- _Excerpts from a dataset_:
::::

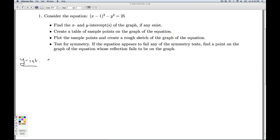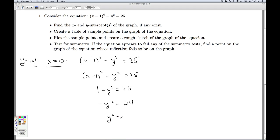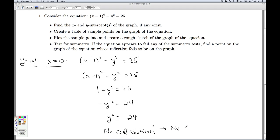For the y-intercept, these are points which lie on the y-axis, so I set x equal to zero. Substituting x equals zero, I get 0 minus 1 quantity squared, which gives me 1. Subtracting 1 from both sides, I get y squared equals negative 24. There's no real number that I can square to get a negative number, so there are no real solutions — meaning there are no y-intercepts. That does it for the intercepts.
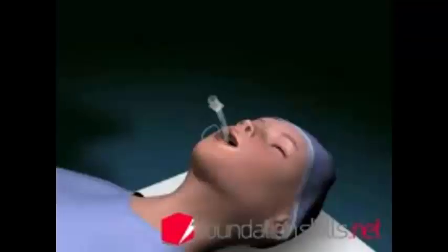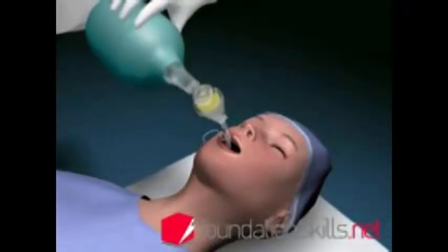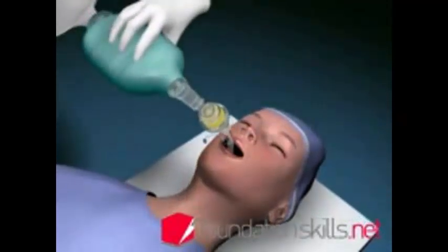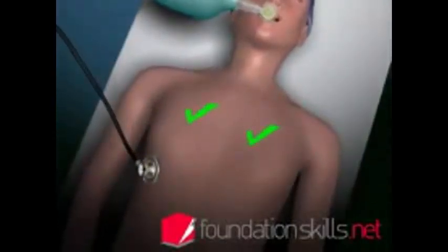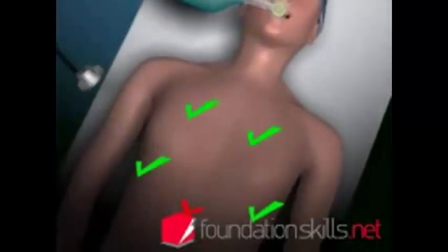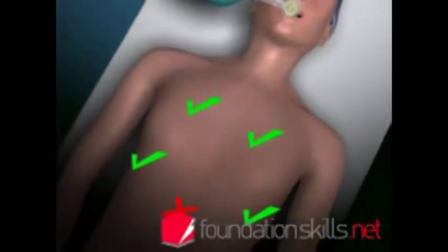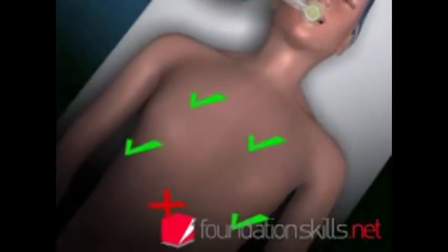Attach the tube to the bag and valve apparatus and ventilate the patient with oxygen flow at 12 to 15 liters per minute. Confirm the position of the tube by auscultating over the apices of the lungs, the axillae, and the stomach. If not in correct position, deflate the cuff, remove the tube, resort to bag and mask ventilation, and repeat the intubation process from the beginning.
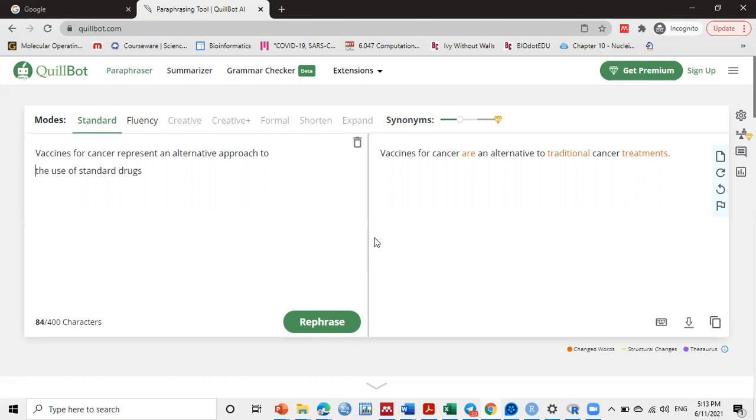It's called QuillBot. QuillBot is a paraphrasing tool that uses machine learning to reword and restructure the selected text. It looks like an advanced full sentence thesaurus.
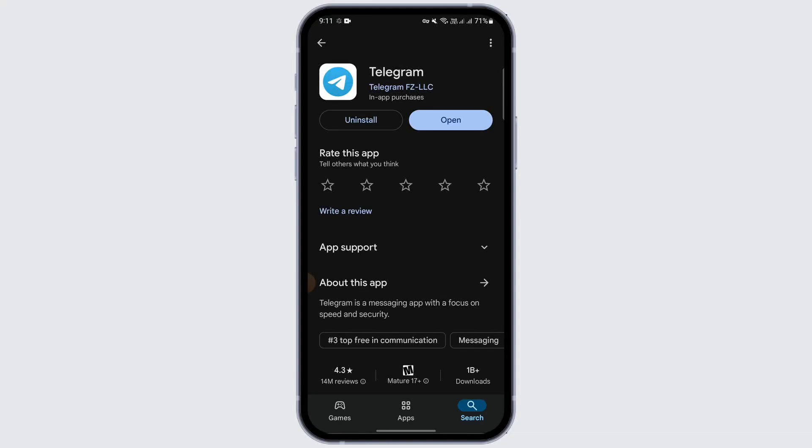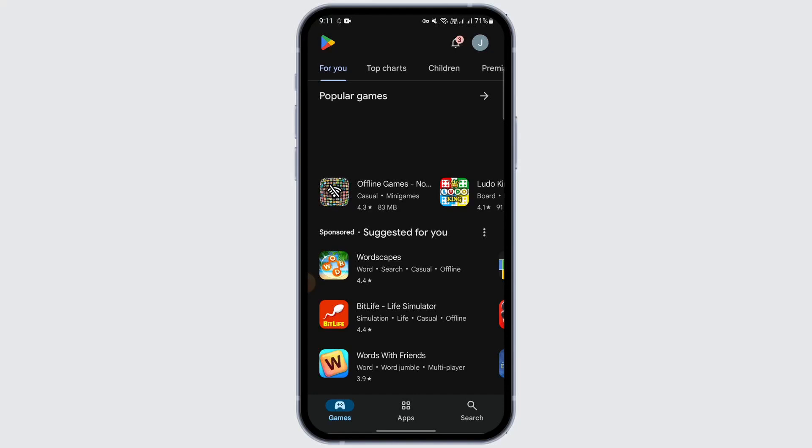If you have subscribed on Telegram — if you have bought or purchased any premium plans of the app — and you change your mind and want to unsubscribe from those plans, just go to the Play Store app if you are on an Android phone.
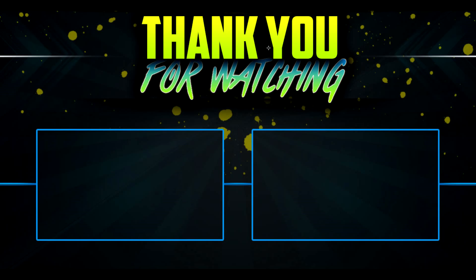If you are not already subscribed, make sure to hit that subscribe button. Thank you for watching and I will see you next time.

::::

- _Your task_:
Please reproduce, word for word, only the lines from the line that holds "Attach the tube" through the final line of the entries above, omitting any pictures.

- _Worked solution_:
Attach the tube to the bag and valve apparatus and ventilate the patient with oxygen flow at 12 to 15 liters per minute. Confirm the position of the tube by auscultating over the apices of the lungs, the axillae, and the stomach. If not in correct position, deflate the cuff, remove the tube, resort to bag and mask ventilation, and repeat the intubation process from the beginning.
It's called QuillBot. QuillBot is a paraphrasing tool that uses machine learning to reword and restructure the selected text. It looks like an advanced full sentence thesaurus.
If you have subscribed on Telegram — if you have bought or purchased any premium plans of the app — and you change your mind and want to unsubscribe from those plans, just go to the Play Store app if you are on an Android phone.
If you are not already subscribed, make sure to hit that subscribe button. Thank you for watching and I will see you next time.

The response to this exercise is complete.